Autre problème : l'auteur aime taper sur le néodarwinisme et la sélection naturelle. Pourquoi pas, encore faut-il avoir des arguments. Il est franchement dérangeant de voir un scientifique ayant une certaine stature manquer autant de capacité d'argumentation. Par exemple : « En fait, la complexification de l'œil n'a, à mon avis, rien à voir avec la sélection naturelle, comme je vais tenter de le démontrer : ce sont les phénomènes biochimiques et physiques qui permettent l'auto-organisation de telles structures et leur complexification. » C'est une sacrée affirmation. J'ai lu attentivement la suite, et s'il décrit en effet les mécanismes de création de l’œil, il n'offre aucune preuve contre la sélection naturelle. On dirait un plombier qui affirme que la gestion de l'eau est uniquement une question de tuyaux et n'a aucun rapport avec le budget de la municipalité ni les conditions climatiques. La conclusion est particulièrement gênante sur ce plan. Exemple : « L'évolution créatrice est faite de complémentarité et de partage, de coopération, de fécondité collective dans le grand mixer océanique, pas de compétition, d'une lutte débridée pour la vie où seul le plus apte survit ! » C'est un pur sophisme de type homme de paille, hélas très commun : la sélection naturelle n'exclut en rien la coopération à diverses échelles (voir notamment Le gène égoïste). Et quelques pages plus loin :
Selon moi, l'efficacité de ces différents fuseaux ne provient donc pas de leur amélioration progressive par sélection naturelle de gènes, mais plus probablement de la robustesse intrinsèque des mécanismes physiques et moléculaires auto-organisés, contraints par le reste de la cellule – ce que les physiciens appellent un « attracteur ».

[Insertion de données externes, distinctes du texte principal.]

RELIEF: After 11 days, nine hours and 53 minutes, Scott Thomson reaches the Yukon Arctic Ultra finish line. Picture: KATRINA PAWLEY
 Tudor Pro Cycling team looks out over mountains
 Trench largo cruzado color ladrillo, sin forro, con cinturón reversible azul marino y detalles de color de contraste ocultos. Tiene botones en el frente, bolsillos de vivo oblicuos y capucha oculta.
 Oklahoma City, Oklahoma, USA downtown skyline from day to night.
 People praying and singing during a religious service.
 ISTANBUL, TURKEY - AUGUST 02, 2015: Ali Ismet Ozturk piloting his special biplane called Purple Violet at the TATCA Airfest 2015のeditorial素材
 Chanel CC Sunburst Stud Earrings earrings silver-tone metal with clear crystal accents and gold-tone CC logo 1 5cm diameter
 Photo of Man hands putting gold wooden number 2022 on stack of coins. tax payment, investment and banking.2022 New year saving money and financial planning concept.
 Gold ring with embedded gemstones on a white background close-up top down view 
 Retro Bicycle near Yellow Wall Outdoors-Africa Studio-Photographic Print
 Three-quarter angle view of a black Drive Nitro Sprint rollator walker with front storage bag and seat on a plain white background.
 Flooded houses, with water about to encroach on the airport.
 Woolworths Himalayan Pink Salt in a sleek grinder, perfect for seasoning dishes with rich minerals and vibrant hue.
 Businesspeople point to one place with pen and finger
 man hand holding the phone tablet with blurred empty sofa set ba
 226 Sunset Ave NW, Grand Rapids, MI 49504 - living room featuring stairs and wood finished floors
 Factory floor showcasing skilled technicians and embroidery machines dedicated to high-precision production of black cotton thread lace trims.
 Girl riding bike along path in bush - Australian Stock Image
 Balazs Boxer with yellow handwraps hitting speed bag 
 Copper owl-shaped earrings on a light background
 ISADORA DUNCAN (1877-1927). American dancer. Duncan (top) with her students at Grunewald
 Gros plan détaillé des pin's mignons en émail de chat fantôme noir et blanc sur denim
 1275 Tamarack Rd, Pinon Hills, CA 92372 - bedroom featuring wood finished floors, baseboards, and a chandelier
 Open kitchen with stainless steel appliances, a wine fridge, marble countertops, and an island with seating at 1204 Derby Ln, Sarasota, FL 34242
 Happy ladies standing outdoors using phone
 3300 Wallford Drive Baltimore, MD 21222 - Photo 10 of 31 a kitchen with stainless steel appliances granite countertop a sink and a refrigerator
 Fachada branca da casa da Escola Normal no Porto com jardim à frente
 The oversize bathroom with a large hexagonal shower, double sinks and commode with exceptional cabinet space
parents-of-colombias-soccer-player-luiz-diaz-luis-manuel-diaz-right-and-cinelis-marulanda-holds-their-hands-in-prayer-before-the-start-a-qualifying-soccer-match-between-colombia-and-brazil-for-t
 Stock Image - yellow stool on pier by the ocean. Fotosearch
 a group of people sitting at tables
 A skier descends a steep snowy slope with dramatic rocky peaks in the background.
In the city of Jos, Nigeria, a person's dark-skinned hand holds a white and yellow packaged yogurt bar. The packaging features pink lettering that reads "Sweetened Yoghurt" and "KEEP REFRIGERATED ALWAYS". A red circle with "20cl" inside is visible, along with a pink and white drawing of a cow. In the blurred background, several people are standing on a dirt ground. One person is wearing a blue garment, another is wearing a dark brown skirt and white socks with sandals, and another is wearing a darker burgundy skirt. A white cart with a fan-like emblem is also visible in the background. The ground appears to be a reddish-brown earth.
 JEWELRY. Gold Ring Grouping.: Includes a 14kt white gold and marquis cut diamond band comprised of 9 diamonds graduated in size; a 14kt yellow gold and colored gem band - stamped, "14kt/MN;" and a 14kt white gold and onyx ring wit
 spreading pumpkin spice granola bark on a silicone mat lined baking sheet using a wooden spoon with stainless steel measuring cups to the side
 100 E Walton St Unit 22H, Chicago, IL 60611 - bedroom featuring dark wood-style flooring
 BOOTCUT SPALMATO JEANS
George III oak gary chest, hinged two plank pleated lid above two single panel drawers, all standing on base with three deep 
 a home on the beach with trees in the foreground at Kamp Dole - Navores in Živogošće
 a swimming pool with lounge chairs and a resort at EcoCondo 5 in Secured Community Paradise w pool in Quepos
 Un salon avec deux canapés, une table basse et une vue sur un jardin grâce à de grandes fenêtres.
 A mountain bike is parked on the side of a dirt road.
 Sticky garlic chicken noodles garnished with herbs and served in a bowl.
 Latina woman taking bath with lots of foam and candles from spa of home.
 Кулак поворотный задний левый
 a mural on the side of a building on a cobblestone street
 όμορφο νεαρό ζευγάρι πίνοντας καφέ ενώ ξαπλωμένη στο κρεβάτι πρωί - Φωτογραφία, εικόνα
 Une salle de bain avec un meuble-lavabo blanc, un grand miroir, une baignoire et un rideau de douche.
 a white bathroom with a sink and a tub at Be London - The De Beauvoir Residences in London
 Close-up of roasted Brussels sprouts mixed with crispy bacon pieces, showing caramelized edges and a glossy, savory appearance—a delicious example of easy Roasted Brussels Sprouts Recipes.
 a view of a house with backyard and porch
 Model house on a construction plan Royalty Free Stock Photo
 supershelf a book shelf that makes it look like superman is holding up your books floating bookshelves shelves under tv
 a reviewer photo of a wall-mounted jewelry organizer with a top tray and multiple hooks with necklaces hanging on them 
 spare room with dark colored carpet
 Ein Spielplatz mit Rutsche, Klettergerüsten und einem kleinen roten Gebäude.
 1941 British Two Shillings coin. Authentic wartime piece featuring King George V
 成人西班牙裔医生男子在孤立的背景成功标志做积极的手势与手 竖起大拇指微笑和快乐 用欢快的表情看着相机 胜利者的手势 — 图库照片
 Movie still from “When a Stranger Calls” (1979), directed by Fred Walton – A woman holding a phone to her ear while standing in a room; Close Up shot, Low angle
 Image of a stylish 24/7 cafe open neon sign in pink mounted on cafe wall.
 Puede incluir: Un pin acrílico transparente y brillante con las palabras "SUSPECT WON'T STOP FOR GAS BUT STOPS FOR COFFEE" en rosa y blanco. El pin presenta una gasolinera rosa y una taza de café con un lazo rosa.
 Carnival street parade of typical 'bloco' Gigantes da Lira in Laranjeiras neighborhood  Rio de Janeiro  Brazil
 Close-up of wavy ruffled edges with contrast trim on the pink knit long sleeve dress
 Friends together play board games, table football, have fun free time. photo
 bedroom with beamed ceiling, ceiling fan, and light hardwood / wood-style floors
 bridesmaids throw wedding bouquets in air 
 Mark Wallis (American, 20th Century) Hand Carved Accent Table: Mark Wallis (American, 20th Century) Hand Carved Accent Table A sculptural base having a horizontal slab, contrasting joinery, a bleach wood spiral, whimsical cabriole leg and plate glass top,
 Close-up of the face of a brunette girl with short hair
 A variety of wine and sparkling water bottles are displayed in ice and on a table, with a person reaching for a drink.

Quoi ? Une « robustesse intrinsèque » ? Mais le maintien à travers le temps et les générations de cette vivante robustesse au détriment de ce qui n'est pas robuste, n'est-ce pas pas justement la sélection naturelle ? Et quelques lignes plus bas, pour encore une fois attaquer la sélection naturelle :
De même, nous disons que les yeux à facette sont les mieux adaptés pour les insectes car ils leur prodiguent une vision panoramique plus large que nos yeux, ce qui leur donne un avantage sélectif. Je dirais plutôt que c'est… juste comme ça. Il se trouve que la nature a essayé cette combinaison de gènes et que ça a marché ! Peut-être qu'une mouche ayant nos yeux de mammifères montés sur une machine rotative qui lui permettrait de scanner l'environnement à toute vitesse s'en tirerait tout aussi bien.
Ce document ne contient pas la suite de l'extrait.